**EXERCISE PROMPT:** Output the line containing "PREORDER Rapido N" and each line after it through the end of the data, exactly as written, with pictures left out.

Scraped caption text data
++++++

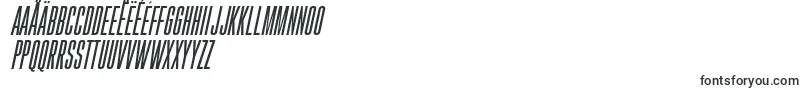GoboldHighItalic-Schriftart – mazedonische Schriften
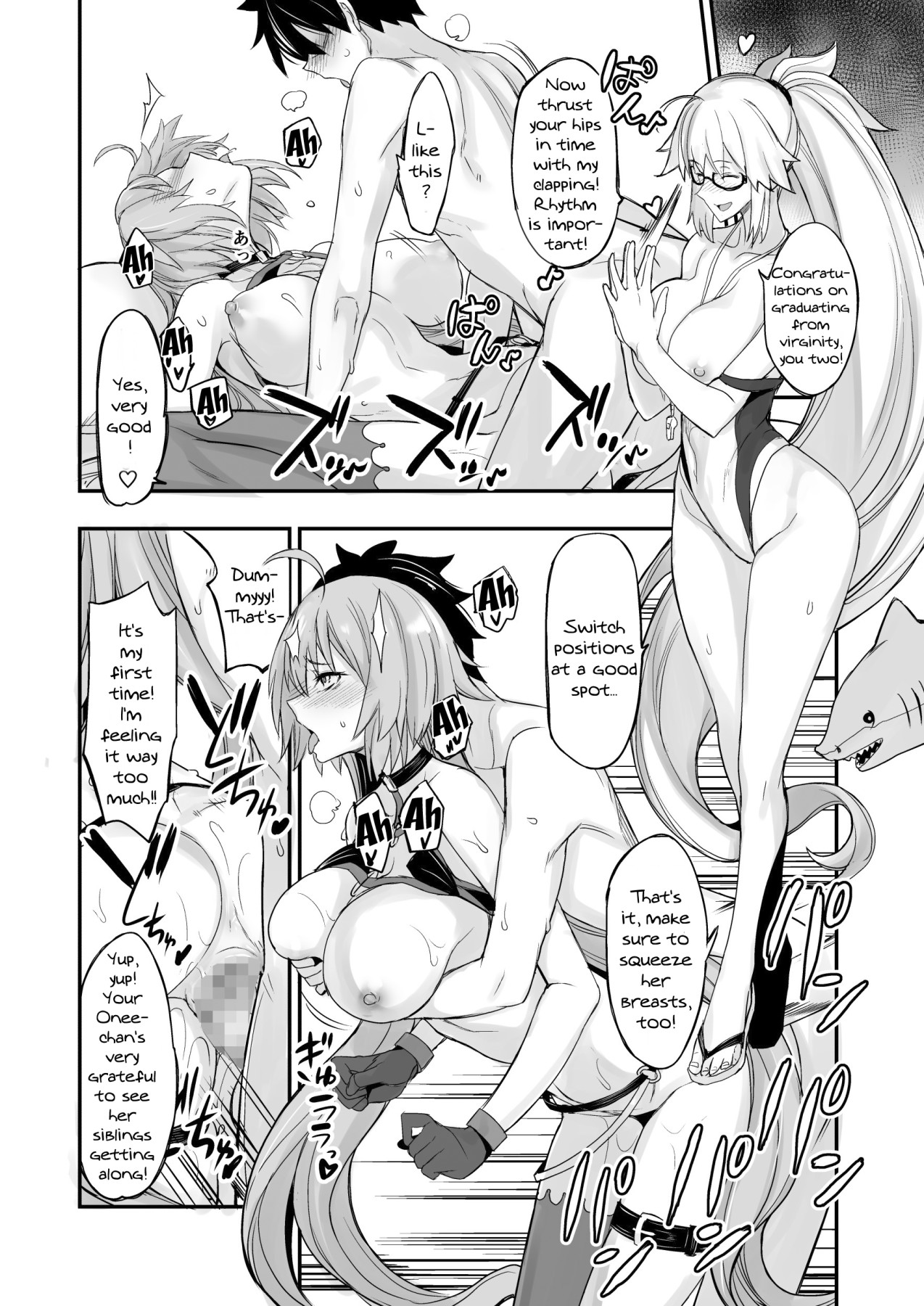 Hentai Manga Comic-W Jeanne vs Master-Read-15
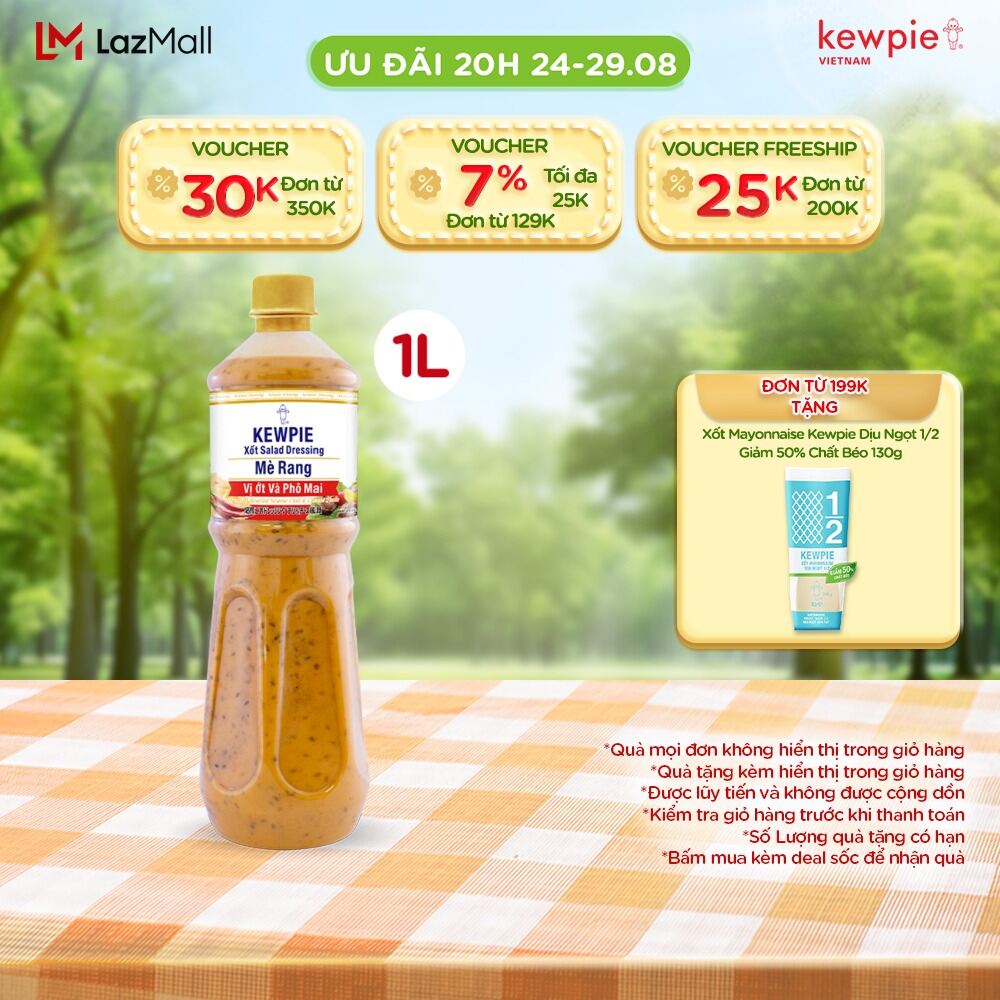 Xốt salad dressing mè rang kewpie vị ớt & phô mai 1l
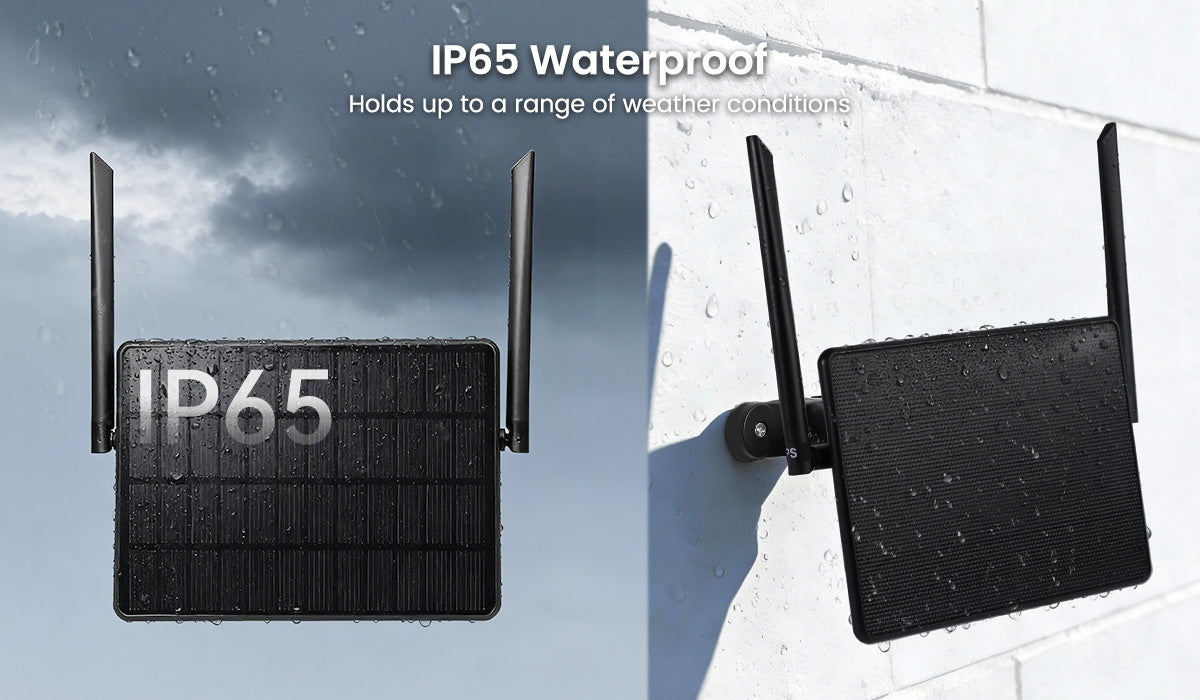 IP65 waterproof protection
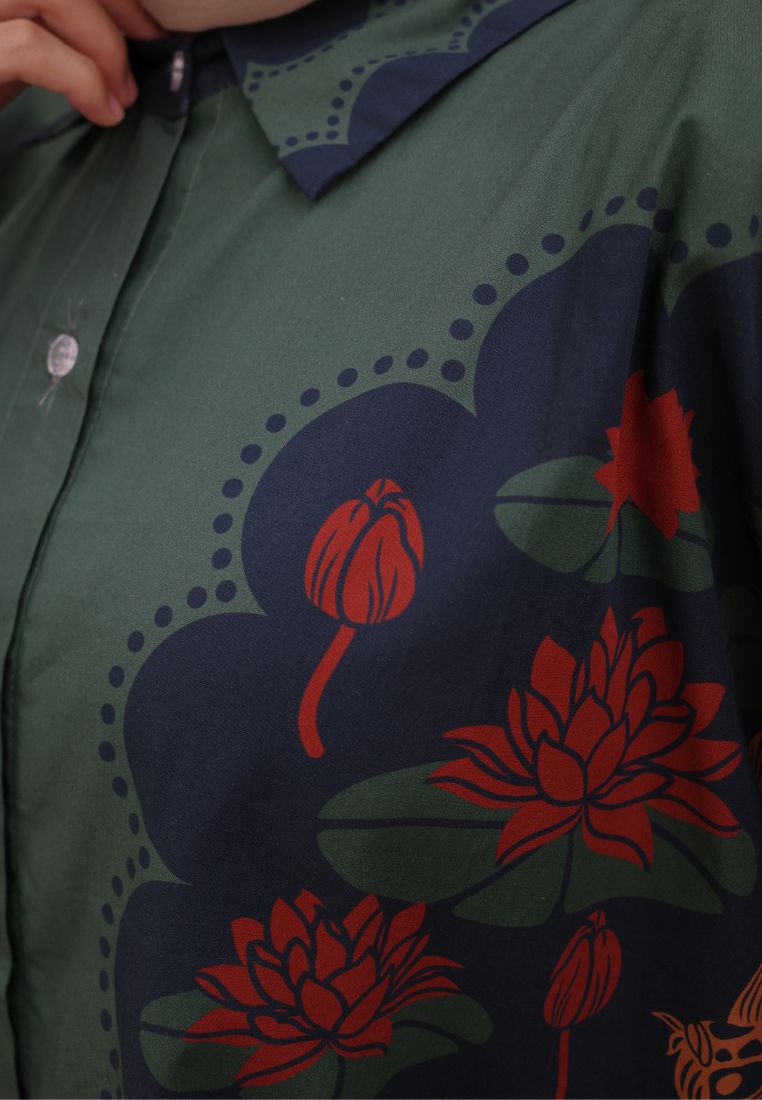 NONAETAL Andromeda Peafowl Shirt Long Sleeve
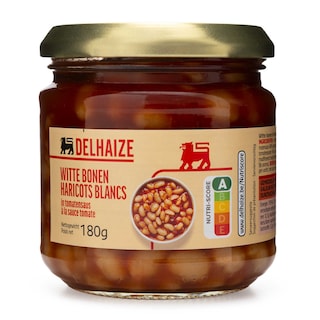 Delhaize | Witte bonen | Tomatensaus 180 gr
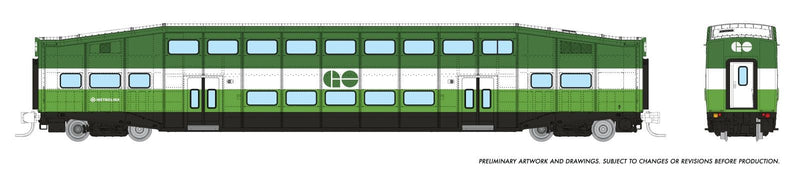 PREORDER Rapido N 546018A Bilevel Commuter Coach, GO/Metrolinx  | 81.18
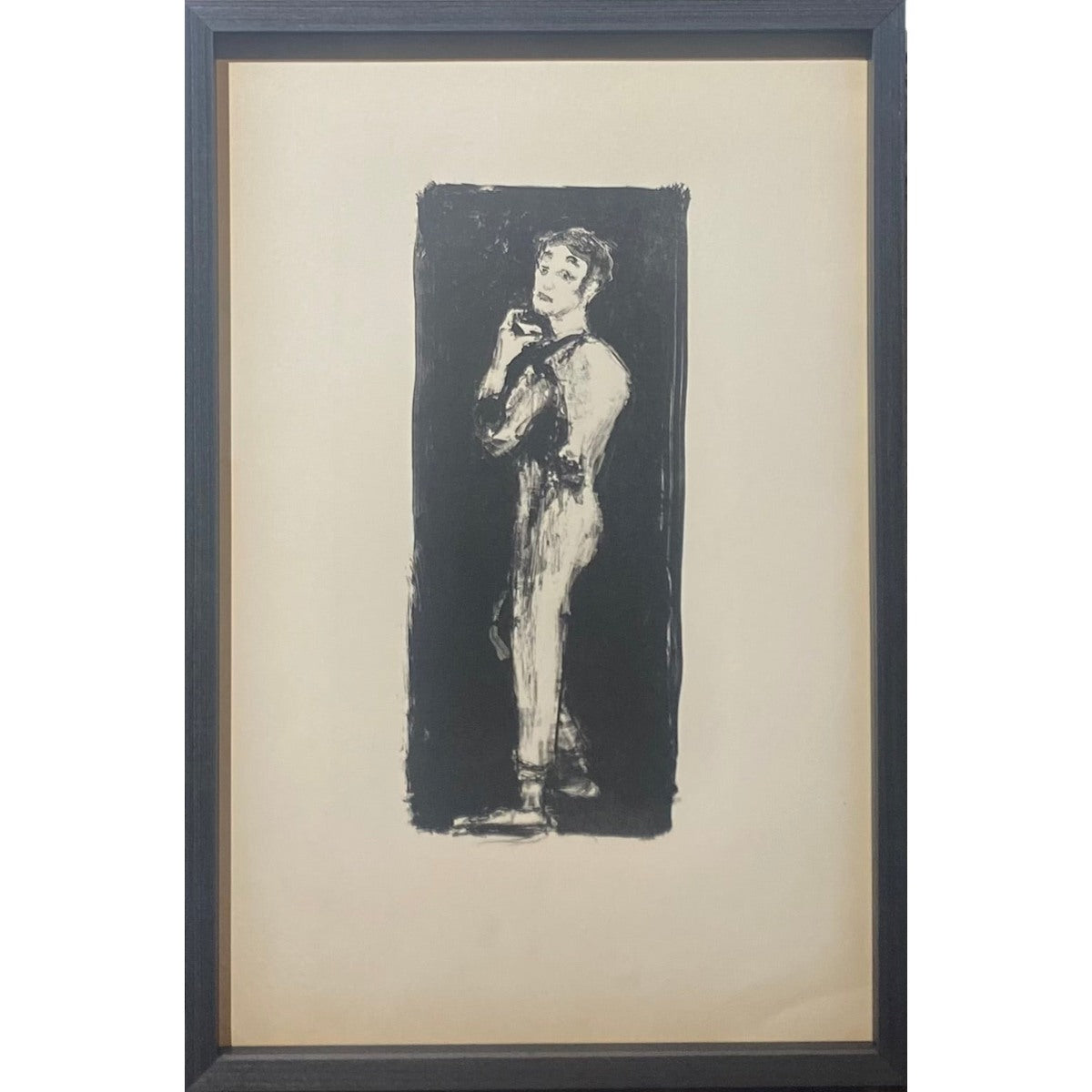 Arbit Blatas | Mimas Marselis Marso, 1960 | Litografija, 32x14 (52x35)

++++++

**RESPONSE TO THIS TASK:**
 PREORDER Rapido N 546018A Bilevel Commuter Coach, GO/Metrolinx  | 81.18
 Arbit Blatas | Mimas Marselis Marso, 1960 | Litografija, 32x14 (52x35)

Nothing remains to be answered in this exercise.